Un incendio di grandi proporzioni ha colpito nella giornata di oggi la zona industriale di Termini Imerese, in provincia di Palermo. Le fiamme, originate da un rogo di sterpaglie nella contrada Piraino, si sono propagate rapidamente a causa del forte vento, interessando tre capannoni e coinvolgendo diverse attività industriali dell’area. Le operazioni di spegnimento sono state coordinate dai vigili del fuoco, che hanno risposto all’emergenza con un imponente schieramento di risorse.

Secondo quanto riportato da italpress.com, la Sala operativa unificata permanente della Regione Siciliana ha autorizzato l’impiego di mezzi aerei per supportare le operazioni a terra e controllare la propagazione delle fiamme. Sul luogo dell’incendio sono intervenute complessivamente 17 squadre dei vigili del fuoco, accompagnate dal personale della protezione civile.

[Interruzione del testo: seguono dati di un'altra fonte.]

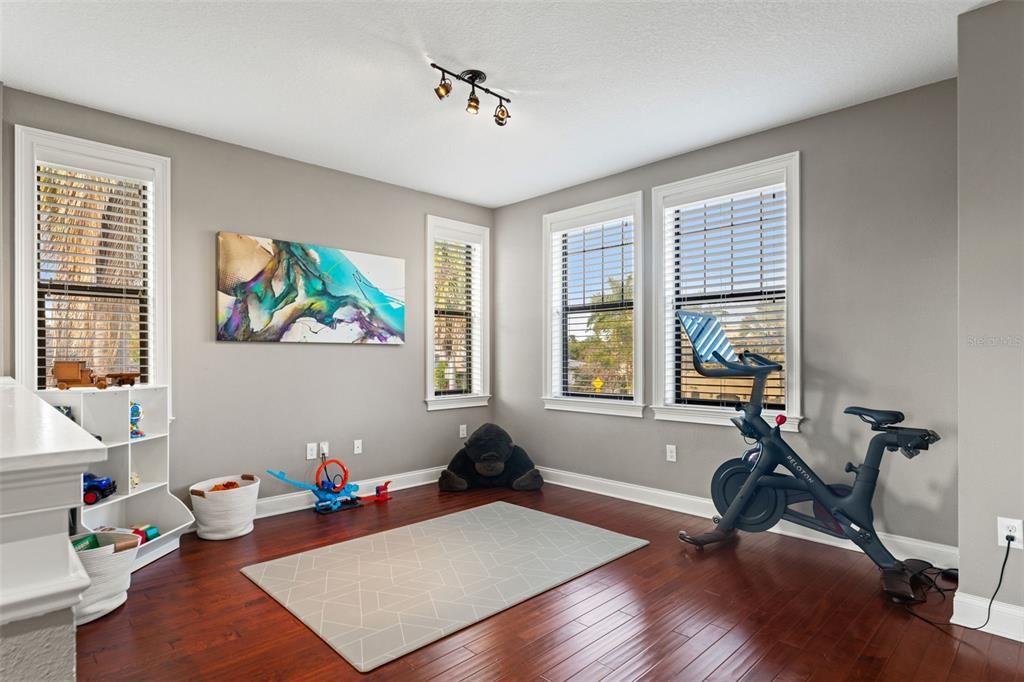 En Venta: $1,295,000 (3 camas, 3 baños, 2478 Pies cuadrados)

L’intervento è stato coordinato per contenere il rogo e proteggere le infrastrutture e gli insediamenti limitrofi.

La dinamica dell’incendio e la propagazione

L’incendio ha avuto origine da un fuoco di sterpaglie nella contrada Piraino, un’area caratterizzata da vegetazione secca e condizioni meteo avverse. Le forti raffiche di vento hanno accelerato considerevolmente la diffusione delle fiamme verso i capannoni industriali, trasformando un incendio inizialmente limitato in un’emergenza che ha richiesto il massimo dispiegamento di forze. La topografia della zona e la vicinanza delle strutture industriali hanno reso più complessa l’operazione di circoscrizione.

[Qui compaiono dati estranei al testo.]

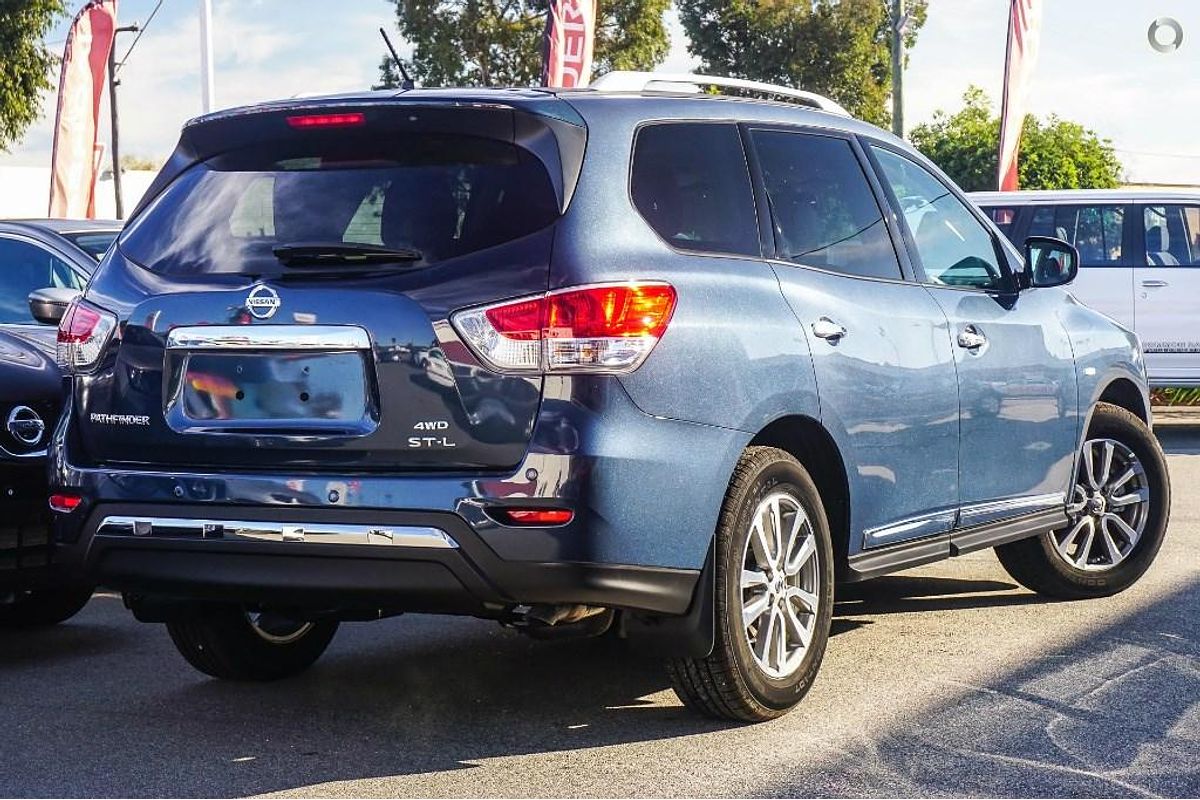 2015 Nissan Pathfinder ST-L R52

L’area interessata dall’incendio corrisponde a un settore nevralgico della zona industriale termitana, dove sono presenti diverse attività lavorative. L’evacuazione preventiva dei tre capannoni è stata eseguita per motivi di sicurezza e per consentire ai vigili del fuoco di operare senza ostacoli e senza rischio per le persone presenti nelle strutture.

L’intervento dei vigili del fuoco e la gestione dell’emergenza

L’intervento ha visto il dispiegamento di risorse significative: 17 squadre dei vigili del fuoco hanno operato in sinergia per contenere e spegnere le fiamme. La decisione di coinvolgere anche i mezzi aerei rappresenta una scelta tattica importante, poiché consente una visione d’insieme dell’incendio e una distribuzione più efficace degli interventi. La Regione Siciliana, attraverso la sua Sala operativa, ha coordinato questa integrazione di risorse aeree e terrestri.

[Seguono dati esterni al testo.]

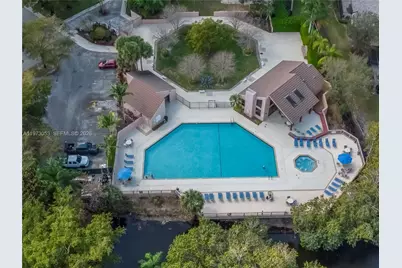 349 NW 94th Ter, Plantation, FL 33324 - Photo 23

Fiamme e fumo denso avvolgono capannoni industriali in una zona arida con vegetazione incendiata dal vento, immagine di approfondimento

La protezione civile ha supportato le operazioni di spegnimento e ha gestito gli aspetti logistici dell’emergenza. La combinazione tra le competenze specializzate dei vigili del fuoco, il supporto aereo e l’intervento della protezione civile ha permesso di circoscrivere progressivamente le fiamme, impedendo un’ulteriore propagazione verso altre aree della zona industriale o verso insediamenti residenziali eventualmente presenti nelle vicinanze.

Al momento delle operazioni, le squadre hanno mantenuto alta la vigilanza data la persistenza del vento, fattore che continua a rappresentare una variabile critica nel controllo dell’incendio e nel rischio di riacutizzazione delle fiamme. La coordinazione tra i vari enti ha permesso di gestire l’emergenza in modo ordinato e sistematico, seguendo i protocolli di intervento previsti per situazioni di questa natura.

L’incendio a Termini Imerese sottolinea l’importanza della prontezza operativa e della capacità di risposta rapida del sistema di protezione civile siciliano di fronte a emergenze di vasta portata. La disponibilità di mezzi aerei e lo schieramento di un numero significativo di squadre terrestri hanno rappresentato fattori decisivi nel contenimento di un evento che, data la propagazione iniziale accelerata, avrebbe potuto assumere proporzioni ancora più critiche.